Opowiadając o losach "genialnego chłopca" należy zacząć od historii jego rodziny. Ta zaczyna się w małym miasteczku należącym niegdyś do Rzeczpospolitej Obojga Narodów, która w wyniku zawirowań wojennych i politycznych działań – trafia pod carski protektorat. Tam przyszedł na świat ojciec Williama, Borys Sids. Rodzina nie była w stanie zapewnić mu odpowiedniego wykształcenia, zatem kiedy dorósł, zdecydował się na emigrację. Głód wiedzy nie był jednak jedynym powodem wyjazdu. W XIX wieku z uwagi na liczne pogromy przetaczające się przez tereny Imperium Rosyjskiego mała mieścina nie była bezpiecznym miejscem dla działacza socjalistycznego z rodziny żydowskiej, jakim był Borys. Zdecydował się na podróż za Ocean. Tam dzięki swoim staraniom dostał się na Harvard, gdzie po kilku latach otrzymał nawet posadę wykładowcy. W tym samym czasie założył rodzinę. Był ślub, a potem dziecko. I tu właśnie rozpoczął się przerażający eksperyment, w którym główną rolę otrzymał mały William. Otóż państwo Sidisowie stanęli przed szansą udowodnienia, iż każdy jest w stanie osiągnąć wiele, wystarczy tylko poddać go odpowiedniemu treningowi. Dotyczyło to także mózgu – trzeba ćwiczyć, aby wyzwolić jego potencjał.

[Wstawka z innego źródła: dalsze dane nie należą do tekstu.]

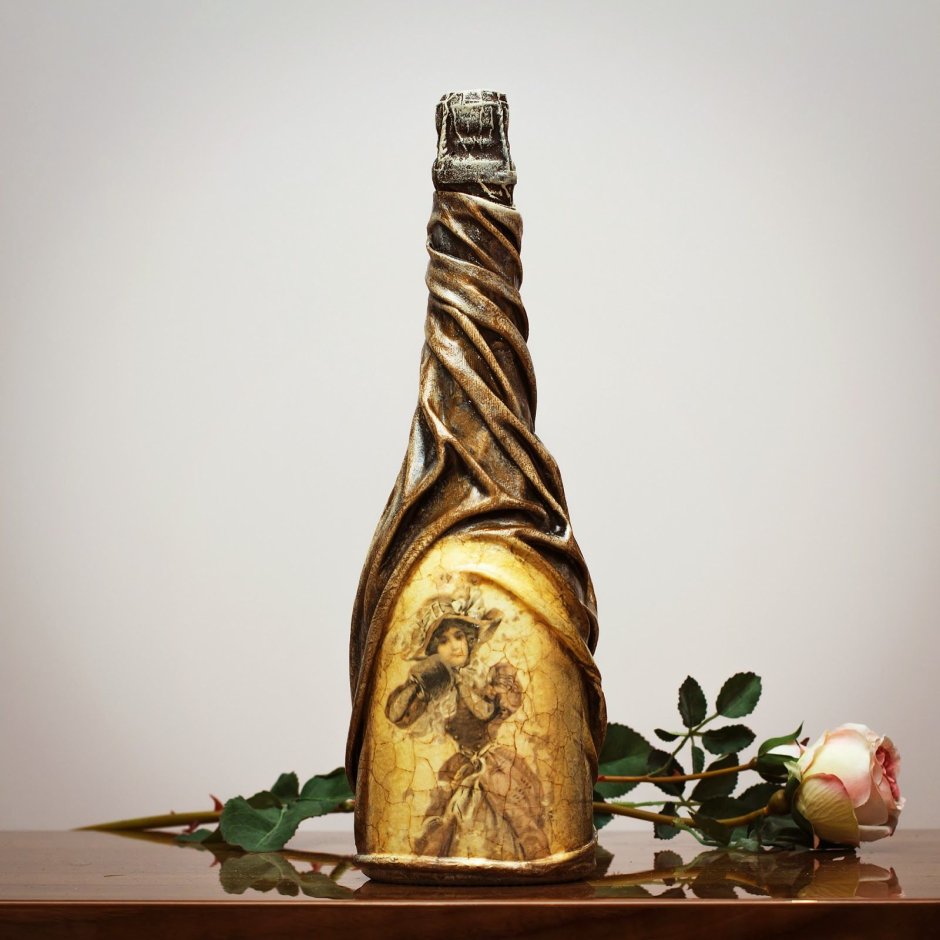 Красивый декупаж бутылок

I tak już w kołysce zaczęli ćwiczyć mózg małego Williama. W efekcie chłopiec, który miał niespełna 1,5 roku czytał już "The New York Timesa", a jako 4-latek napisał na maszynie swoją pierwszą książkę i to w dwóch językach – angielskim oraz francuskim. Jako 8-latek płynnie mówił w aż ośmiu językach, co jest naprawdę dużym osiągnięciem Jego historią w końcu zainteresowała się prasa, co jak się potem okazało, szybko doprowadziło go do zguby.
Kiedy miał 9 lat śpiewająco zdał wszystkie egzaminy i mógłby zostać przyjęty na Harvard, ale tę decyzję odwlekano, bo profesorowie uważali, że chociaż jest bardzo inteligentny, to nadal małe dziecko, które potrzebuje opieki i miłości. Innego zdania byli jego rodzice, którzy z uporem maniaka walczyli o przyjęcie dziecka na studia. Po dwóch latach władze uczelni ugięły się i przyjęły chłopca. William świetnie sobie radził na wykładach, pisał najlepiej wszystkie egzaminy, ale nadal chciał móc bawić się, jak jego rówieśnicy i po prostu cieszyć życiem.
Presja rodziców, wszechobecne media, otoczenie, które widziało w nim geniusza, a nie zwykłego chłopca – wszystko to przerosło Williama. Jego psychika w końcu się załamała. Nastąpiło to w wieku 12 lat i zostało odnotowane w szkolnych aktach. Udało mu się wyjść z kryzysu, ukończył Harvard, zaczął pracę jako wykładowca matematyki.
W międzyczasie podjął jeszcze inne studia, ale ich nie ukończył. Momentem przełomowym było wzięcie udziału w manifestacji, podczas której doszło do zamieszek. Aresztowała go policja i wtrąciła do więzienia. Spędził tam 18 spokojnych miesięcy, co nie było dla niego karą, a raczej odpoczynkiem. Potem odciął się od rodziców, wyjechał, podjął pracę fizyczną, zmienił nawet imię, aby nie być kojarzonym z "genialnym chłopcem". Wolny czas poświęcał na pisanie książek oraz artykułów, które publikował pod pseudonimem, spędzając ostatnie lata życia w zapomnieniu i z dala od mediów. Zmarł w 1944 roku w wieku 46 lat w wyniku wylewu krwi do mózgu. Ta sama przyczyna 21 lat wcześniej zakończyła życie jego ojca, Borysa.